Harcourt Street has descended into a disaster zone of drunkards,
Some fighting,
Some crying,
Some swaying from the inability to hold themselves upright,
And some on the ground,
Thinking the concrete is their mattress,
Having succumb to the dizzy spells that can seem so freeing,
Yet are misleading.
Every action is made to move ahead in the Rat Race,
Forever victorless.
And we look at each other,
While thinking the same thing:
What is the point of it all?
A veil of silence comes between us,
As the noise of this newfound, well-worn battle ground attracts our attention;
Screeches of women in utter dismay over the advances of groping men,
Whose laughter is tinged with the subtly of what they really want,
Masking their anger and their resentment as they await their failure.
Bottles smash and fists are raised,
As blood spills in the name of something no one knows of.

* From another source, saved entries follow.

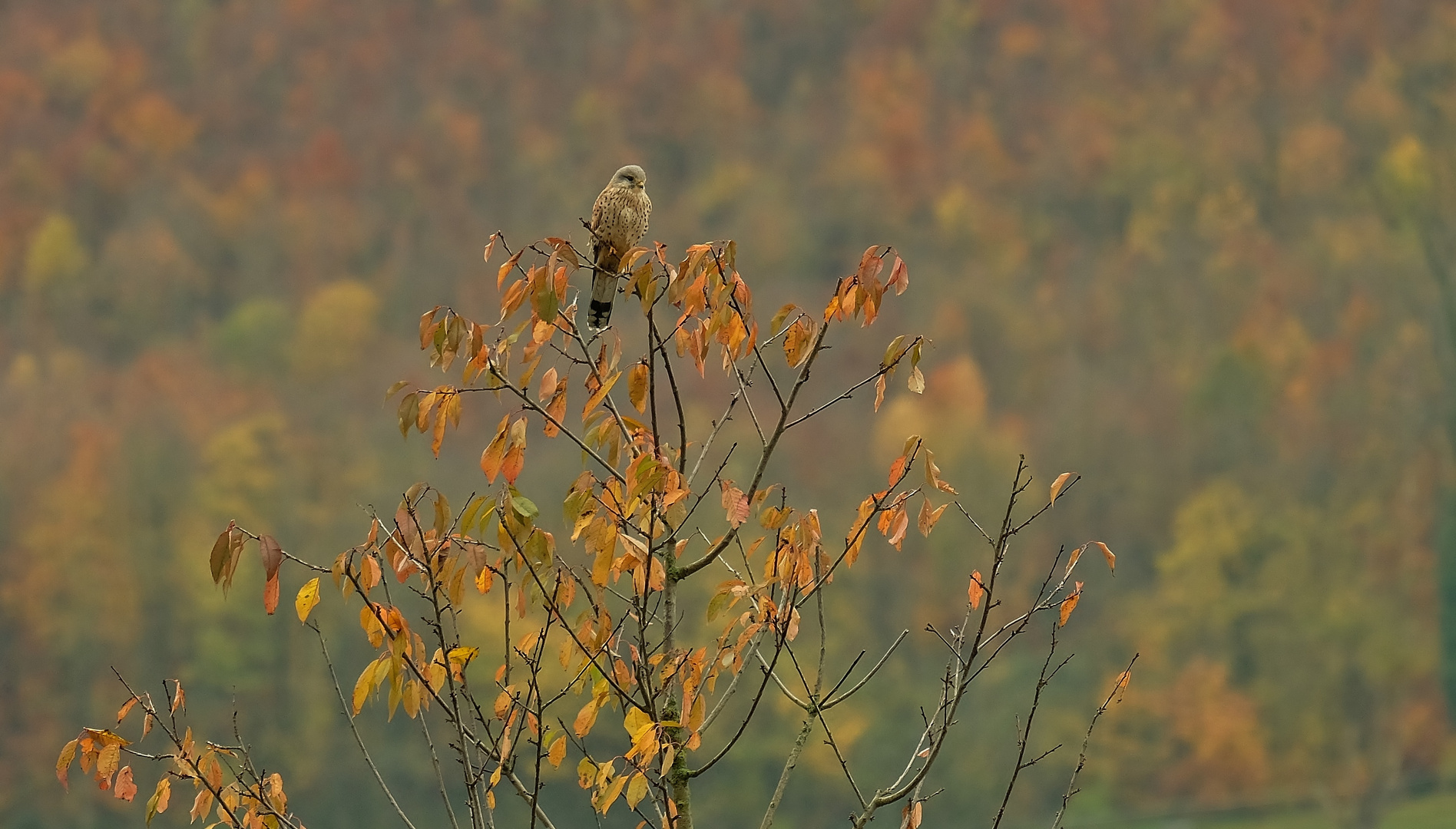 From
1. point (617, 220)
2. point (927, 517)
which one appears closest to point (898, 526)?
point (927, 517)

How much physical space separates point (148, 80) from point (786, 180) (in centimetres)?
2828

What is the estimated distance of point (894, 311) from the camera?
57.0 meters

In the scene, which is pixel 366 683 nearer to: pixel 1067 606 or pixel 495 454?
pixel 495 454

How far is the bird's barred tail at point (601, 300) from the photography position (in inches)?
224

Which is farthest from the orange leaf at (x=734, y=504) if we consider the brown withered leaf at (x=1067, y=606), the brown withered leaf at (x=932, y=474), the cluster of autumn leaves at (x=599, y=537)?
the brown withered leaf at (x=1067, y=606)

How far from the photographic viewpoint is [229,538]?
12.5 feet

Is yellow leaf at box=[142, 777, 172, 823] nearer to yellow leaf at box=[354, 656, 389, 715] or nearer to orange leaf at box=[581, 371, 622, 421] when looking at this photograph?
yellow leaf at box=[354, 656, 389, 715]

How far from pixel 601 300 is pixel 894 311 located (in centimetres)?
5168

Confused astonishment strikes us,
As we wonder how society still stands,
When it falls apart so spectacularly on nights like this,
Dropping to its scarred knees.
And we briefly become embroiled in this showcase of Ireland’s Got Talent,
When a woman and a man encroach upon our front row seats,
Her seeking a reprieve from his forward courting,
While his confidence never shakes.
Despite her hostility to his loud and proud profession,
That he “wants to be on you.”
When he finally admits defeat,
Her appreciation is shocking,
But changes nothing about the grain of truth that we have just witnessed.
The Rat Race is not the work we do,
But the means to an end,
So we can sate the self-destructive tendencies we love to embrace.